Publié le par Michel Durand

au-delà de l’utopie monétariste et matérialiste du progrès

De diverses manières, nous constatons l’épuisement des ressources naturelles sur toute la planète. Qui n’entend pas parler aujourd’hui du réchauffement climatique ? Ce qui se dit à Copenhague souligne l’existence de deux mondes, les pays pauvres et les pays riches ; un déséquilibre mondial qui traverse les siècles et manifeste, dans la durée, l’absence de fraternité et, encore plus, de solidarité. (Pour d'info, voir ici ; ici aussi ou encore)

Dans des domaines totalement différents, comme, par exemple, l’inconnu des manipulations génétiques, nous constatons, intellectuellement, qu’il est nécessaire de placer des limites aux désirs sans fin de l’homme.

Mais ces prises de conscience ne sont pas suivies d’effet, car au nom d’un prétendu progrès, la course en avant se poursuit. Pour s’en convaincre, il suffit de regarder le comportement des uns et des autres devant la crise monétaire. On alimente la machine pour que tout puisse se continuer dans le même sens. Les commentateurs s’empressent de rappeler que, de tout temps, le libéralisme a su imaginer à son profit les sorties de crise.

Or, il est certain qu’actuellement il faut sortir du capitalisme, d’une confiance absolue au progrès matériel, d’une conception de l’existence visant à acquérir toujours plus.

La Révélation du Christ invite, en effet, à mettre en place une économie de l’échange contre une économie concurrentielle visant une croissance infinie et indéfinie. « A quoi sert de gagner le monde entier si l’on en vient à perdre son âme ? »

Pour adopter de nouveaux modes de vie, la doctrine sociale de l’Église apporte déjà de nombreux éléments de réflexion.
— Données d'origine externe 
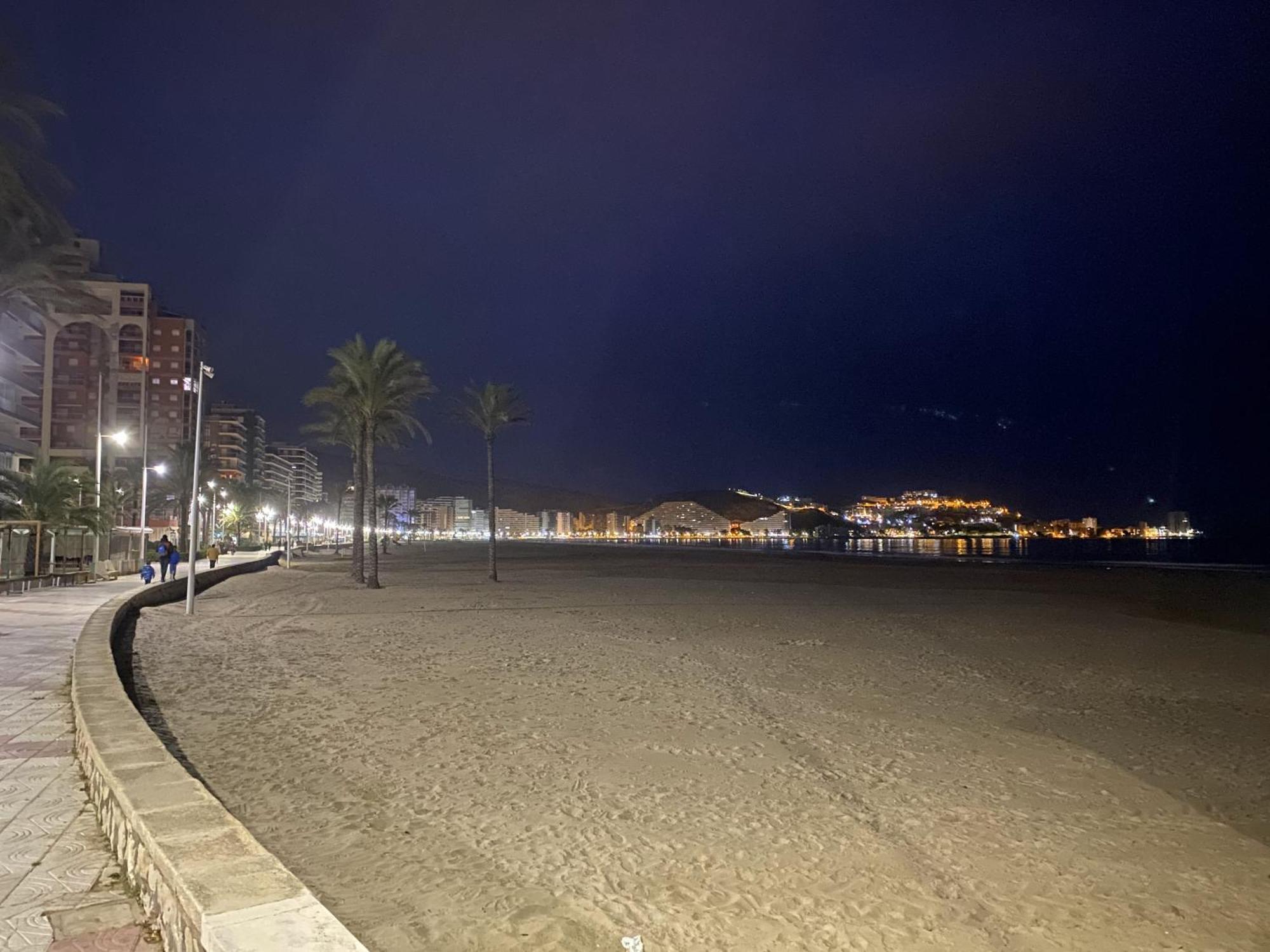 Beachfront And Cozy Apartment Cullera Ngoại thất bức ảnh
Mais ses appels ne sont pas suivis d’effets significatifs. Il leur faudrait une position anticapitaliste plus suivie. En ce domaine, soutenues par les grandes finances mondaines, les instances ecclésiales autorisées demeurent trop modelées par l’esprit du temps.
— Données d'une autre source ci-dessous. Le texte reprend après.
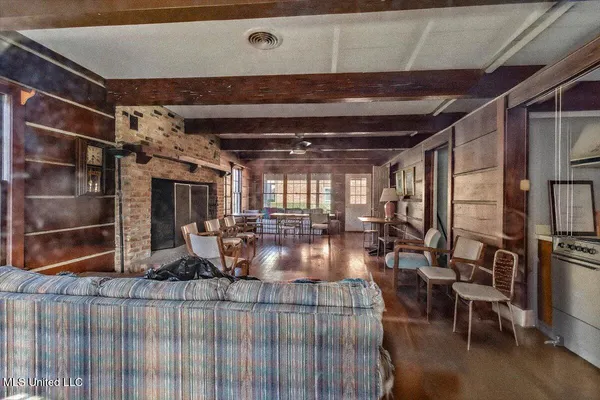 $265,000 | 1042 Bayridge Drive, Jackson, MS 39211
Tout ce propos ainsi résumé interroge la théologie. Quels sont les théologiens qui abordent ainsi les questions que posent nos actuels modes de vie ? Comment les convertir dans le sens de l’Évangile et au nom de quoi, de qui, les convertir ? Comment et pourquoi entendre les appels émanant des objecteurs de croissance à vivre simplement selon une pauvreté volontaire. Que signifie pour aujourd’hui la pauvreté évangélique ? Pourquoi et comment mettre en place une fraternelle solidarité universelle ?

appel à théologiens

Je ressens pour faire le point sur cette question la nécessité de rencontrer un théologien. Situé dans la ligne de Jacques Ellul, Jürgen Moltmann, Jean-Baptiste Metz, Joseph Moingt… il reprendrait pour aujourd’hui, les éternelles questions qui concernent Dieu, l’homme et la création, son usage. Le débat sur cette question doit être porté par des convictions sorties de l’emprise du capitalisme dont on ne peut se  satisfaire de sa moralisation.

Ce théoligien existe certainement, hélas je n'ai pas la chance de le recontrer.